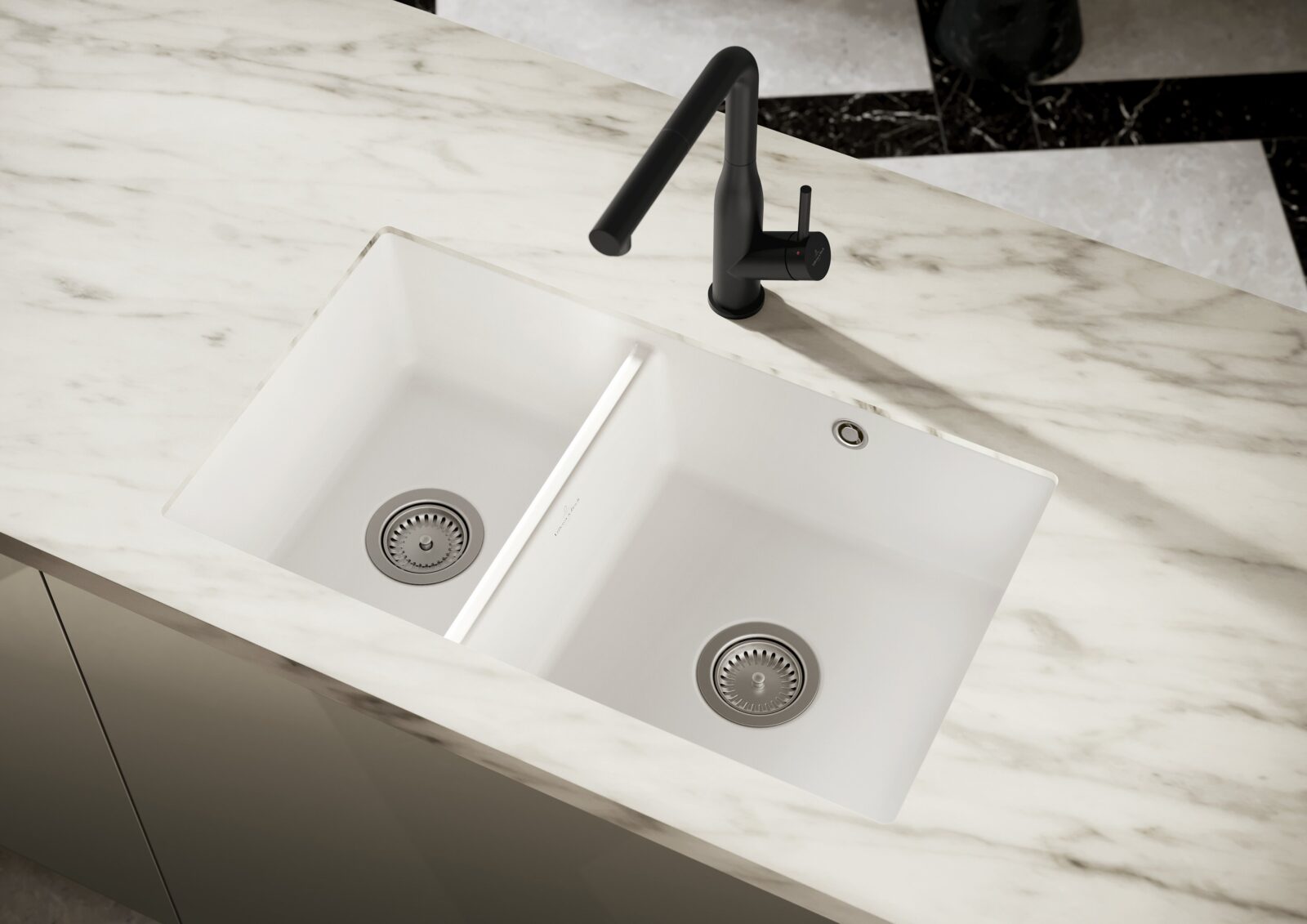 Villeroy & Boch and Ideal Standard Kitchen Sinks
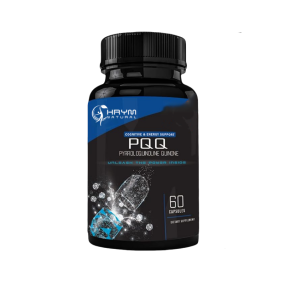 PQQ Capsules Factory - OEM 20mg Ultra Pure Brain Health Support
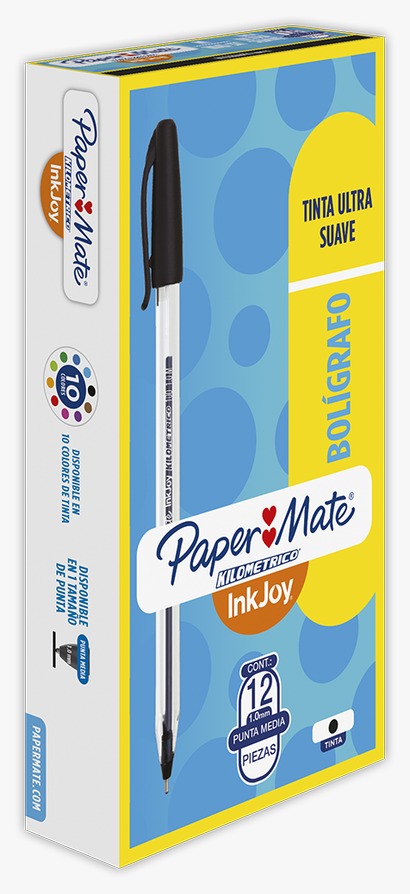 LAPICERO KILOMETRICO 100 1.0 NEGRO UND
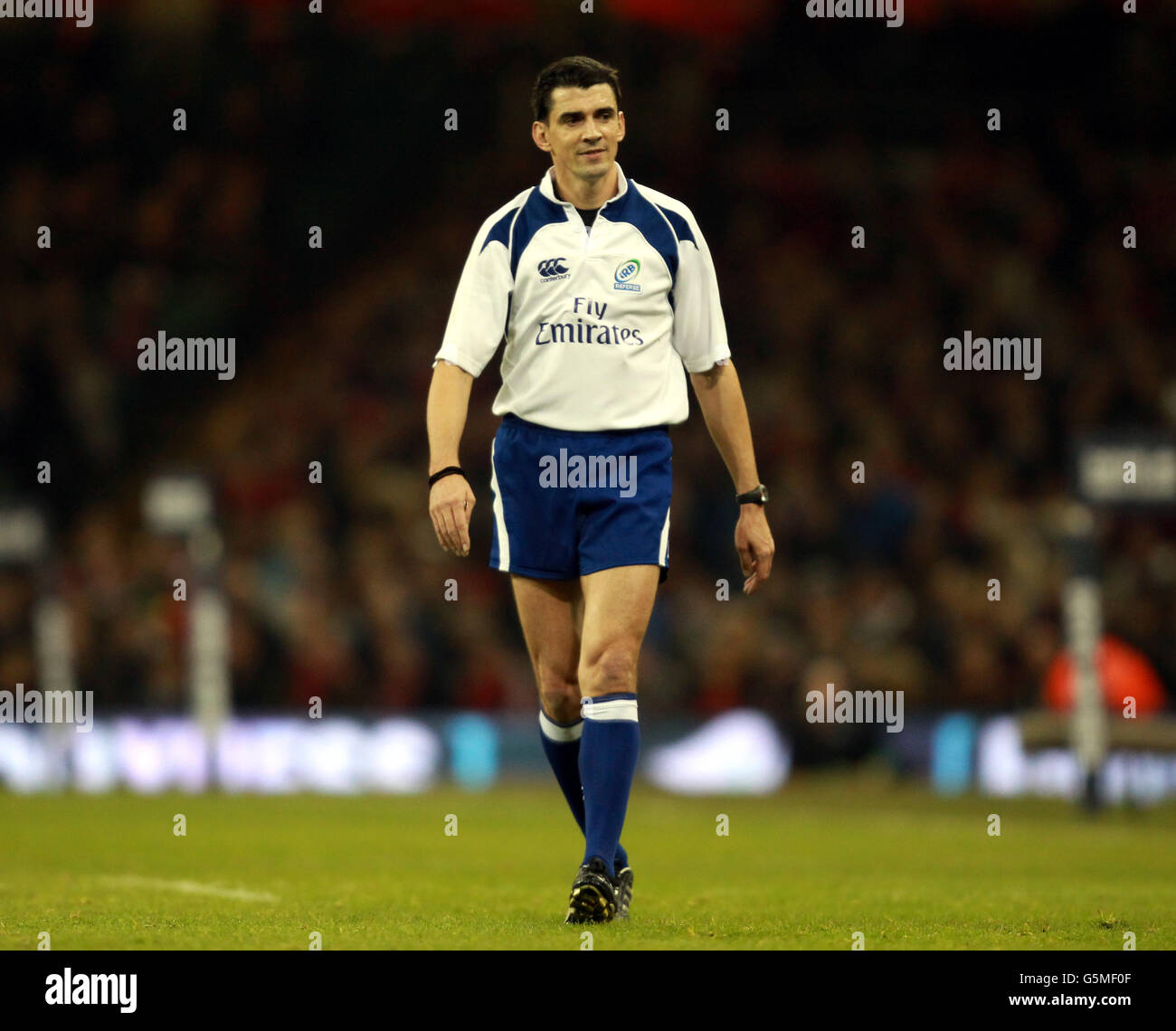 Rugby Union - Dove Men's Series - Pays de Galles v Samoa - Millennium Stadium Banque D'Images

※ ※ ※

Problem statement: Copy the whole listing above word for word but do not carry over the pictures.

Problem solution:
 Villeroy & Boch and Ideal Standard Kitchen Sinks
 PQQ Capsules Factory - OEM 20mg Ultra Pure Brain Health Support
 LAPICERO KILOMETRICO 100 1.0 NEGRO UND
 Rugby Union - Dove Men's Series - Pays de Galles v Samoa - Millennium Stadium Banque D'Images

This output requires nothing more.